Captioned web images
=== Section Start ===
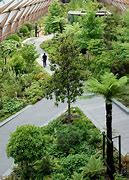 Image result for Crossrail Place Roof Garden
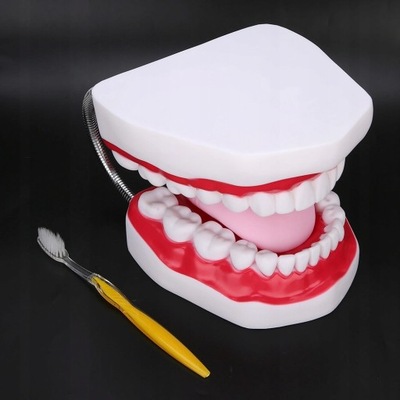Model dentystyczny Model zębów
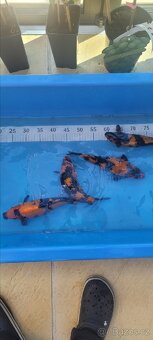 Prodam KOI pouze uznavane variery - 9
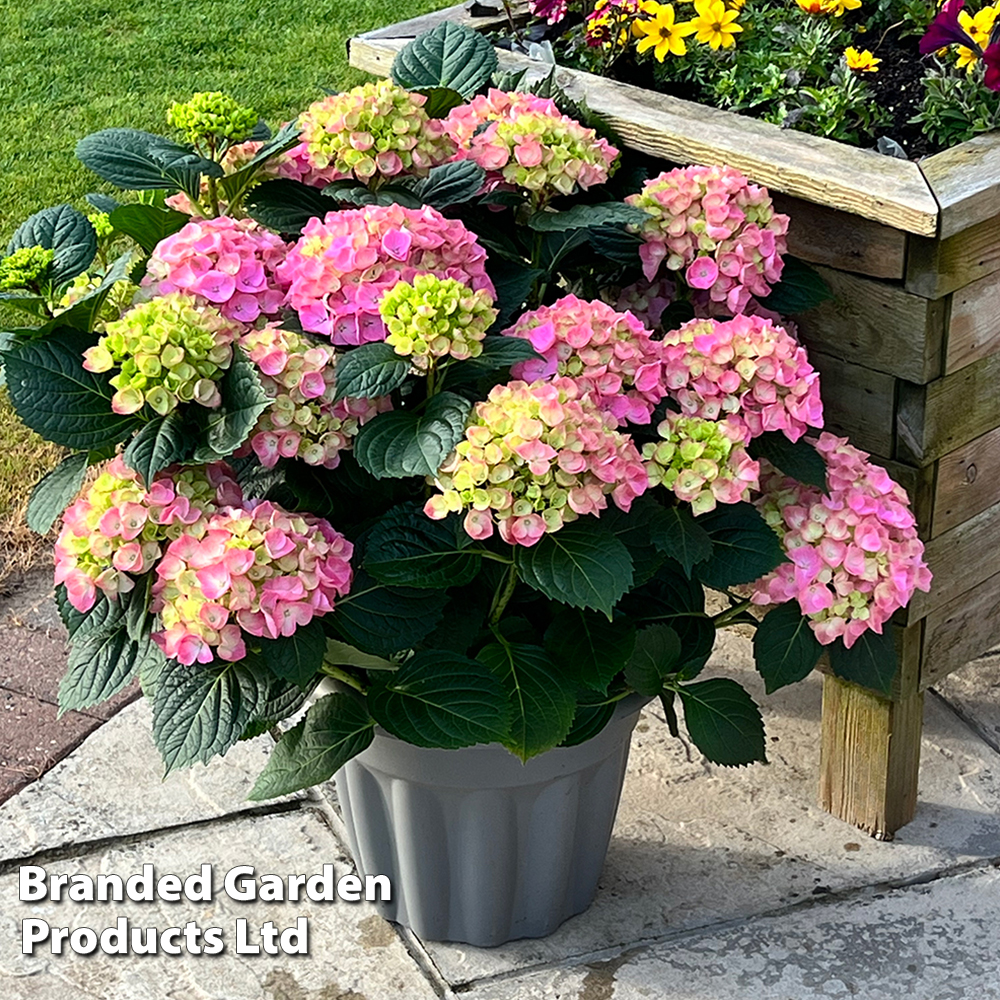 Hydrangea macrophylla 'Pink' | Suttons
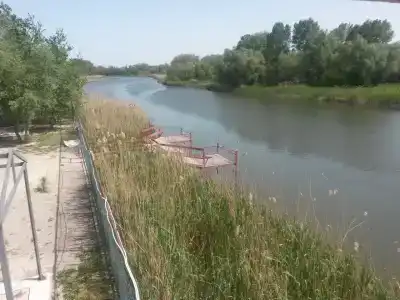 Лагутник - 22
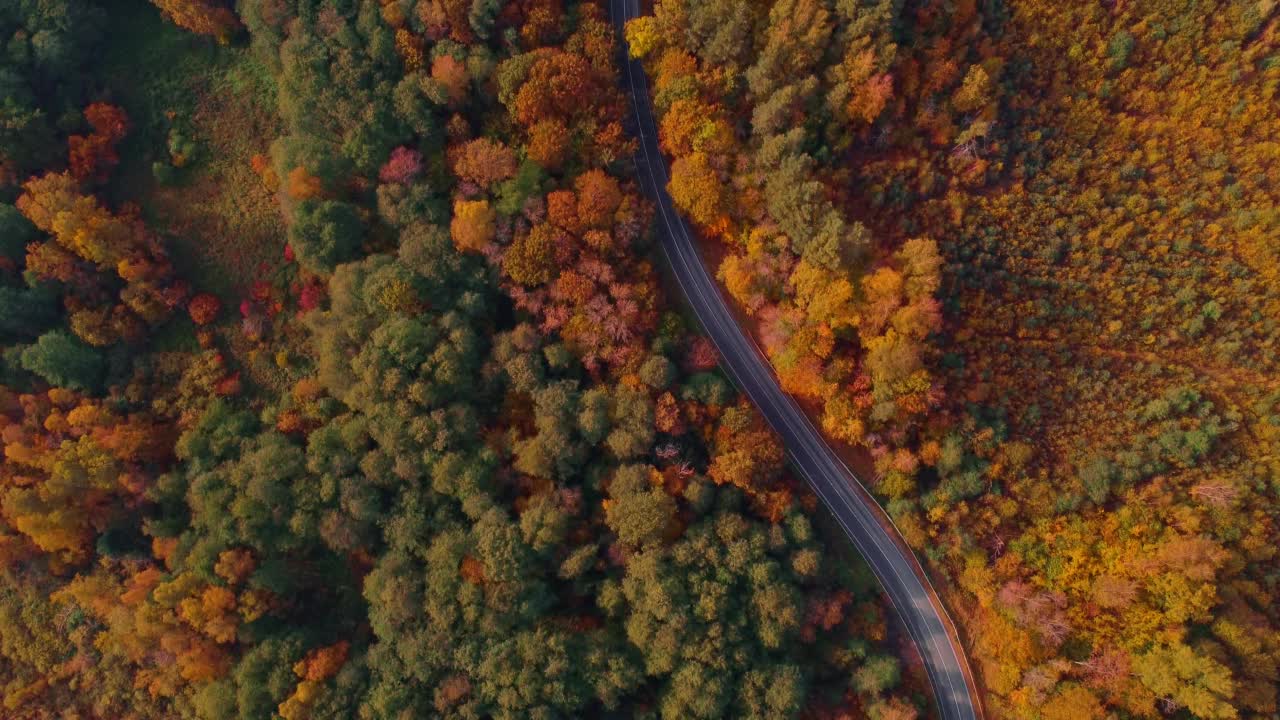 无人机俯瞰令人惊叹的秋季森林和穿过森林的道路视频素材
=== Section End ===
### Required work
From the line containing "Hydrangea macrophylla 'Pink' | Suttons" down to the last line of the entries above, set down every line exactly. Omit all pictures.

### Finished task
 Hydrangea macrophylla 'Pink' | Suttons
 Лагутник - 22
 无人机俯瞰令人惊叹的秋季森林和穿过森林的道路视频素材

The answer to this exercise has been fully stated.